Entertainment

Myrtle Beach Freedom make indoor football debut Monday

The Myrtle Beach Freedom are fired up for the regular season in its inauguration, full of family entertainment on and off the field.

This new entry in the American Indoor Football league will kick off at 7:05 p.m. Monday against the Savannah Steam, from Georgia, and hike the ball in four other home games against Southeast teams – on April 11 and May 9, 16 and 23 – all at the Myrtle Beach Convention Center, at Oak Street at 21st Avenue North.

Ronnie McCuin, the franchise owner, said this 22-team league spanning the country from New Mexico to Pennsylvania, and Michigan to Florida, is timed for football’s lull and the possible “depression” for fans of the sport between the end of the Super Bowl and later summer, when the college and National Football League ranks start back up with training camps.

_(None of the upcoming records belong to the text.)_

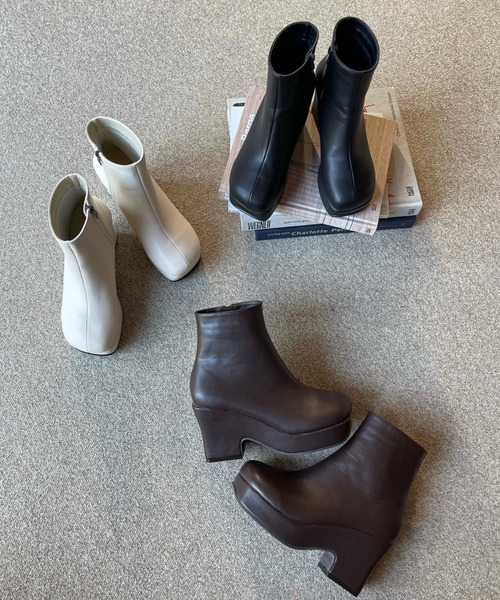 NEUNA(ヌナ)の「トラックソール厚底ヴィーガンレザーレザーブーツ(ブーツ・レディース・ブラック/ブラウン/アイボリー・SMALL/MEDIUM/LARGE)」の1枚目の写真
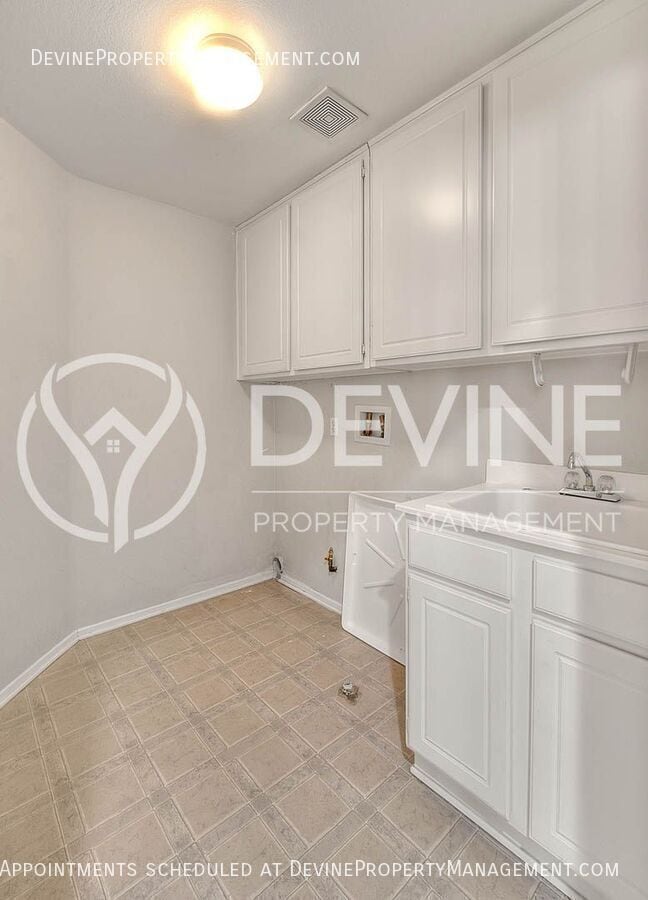 Building Photo - 6251 Chantel Dr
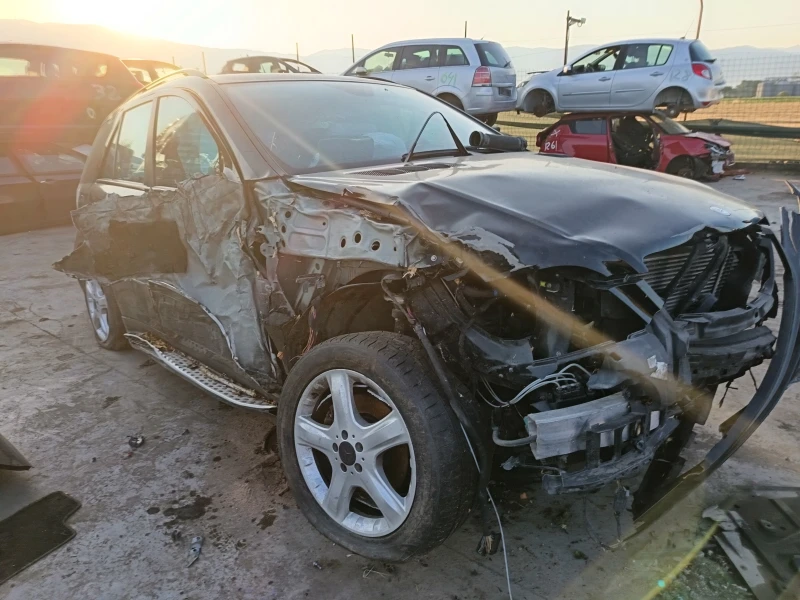 Mercedes-Benz ML 320 320cdi, снимка 5 - Автомобили и джипове - 51041412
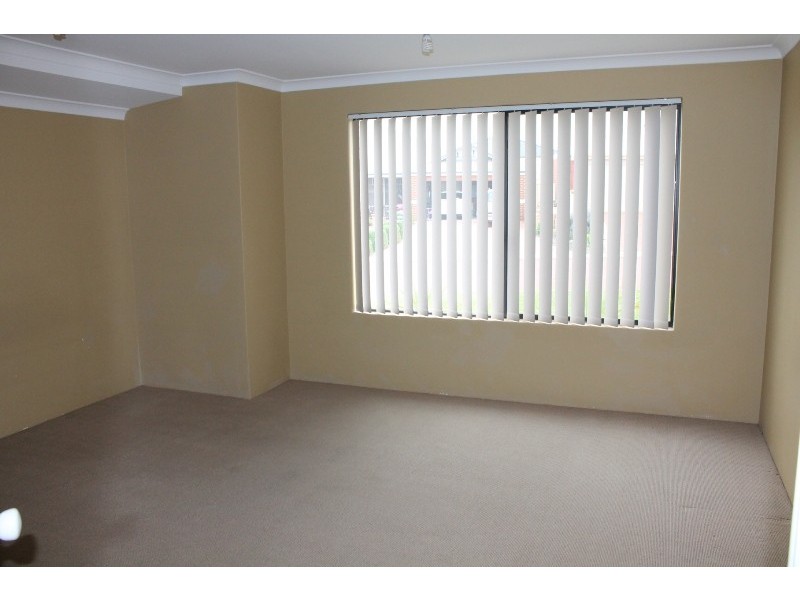 10 Myalla Pass, Lakelands WA 6180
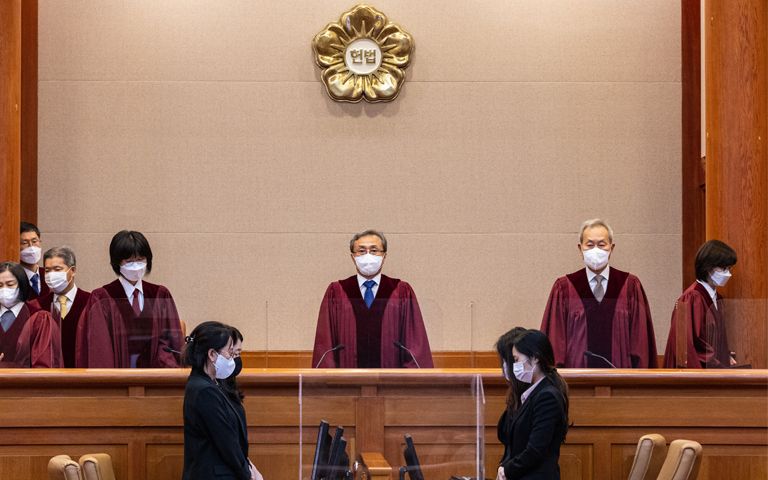 헌재, 사상 두 번째 '대법 판결' 취소…해묵은 갈등 다시 수면 위로 기사 관련이미지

A native of the nation’s capital area who still roots for the NFL’s Washington Redskins, McCuin said besides lining up coaches and a 30-man roster anchored by players such as Penn State University alumnus Daryll Clark at quarterback, wide receivers such as Conway native Eric Huggins, and several guys who suited up for Coastal Carolina University Chanticleers on offense, teamwork rules in other realms.

Take field setup and take-down, arranging singers for the national anthem, booking the public address announcer, and lining up halftime and other entertainment that makes the game-day experience complete.

With the host venue a popular spot every week, year round, for a cycle of other events such as cheerleading competitions, Beta Club conventions, the annual “X-Con World,” and circuses, readying the arena before and after game with the artificial turf, uprights and other elements, “takes an army of people,” McCuin said.

“It’s a whole process,” he said, estimating set-up about six hours and removal at four.

Played with four 15-minute quarters, the game goes more quickly with a running, or continuous, clock (that is, no stop in the game time after incomplete passes), with teams fielding eight players each, running on a 50-yard field that’s 85 feet wide.

“It’s about half the dimensions of an outdoor field,” McCuin said. “It’s pretty much the size of a hockey rink.”

Sounds of Freedom add upbeat style

For the team’s debut, a nonleague match – what McCuin termed “basically a preseason game” – won 49-22 over the Carolina Dynasty, more than 1,000 fans attended. They also got a good taste of the Sounds of Freedom, the team’s pep band, which comprised nearly 40 members, driven by drum and horn lines.

James “Bull” Canty, a trumpeter in Myrtle Beach who plays in orchestras and freelances, directs the Sounds of Freedom. He said that last summer, as team planning was under way, McGuin connected with him about forming the band, and that led to getting together “a good crop of musicians,” thanks to friends, band directors, former students, and a contingent studying at CCU, giving all of them another “platform to perform.”

In devising this band’s theme, Canty said he fulfilled McGuin’s wish for “a collegiate environment.” Canty said staying upbeat will come easily with the band’s repertoire list, maybe with “Gonna Fly Now,” Bill Conti’s iconic movie theme recorded for “Rocky,” as well as ”getting really creative” with Earth, Wind & Fire’s “In the Stone” and “September.”

Keeping the whole arena in mind, Canty said the Sounds of Freedom not only pump up the fans, but also the football players.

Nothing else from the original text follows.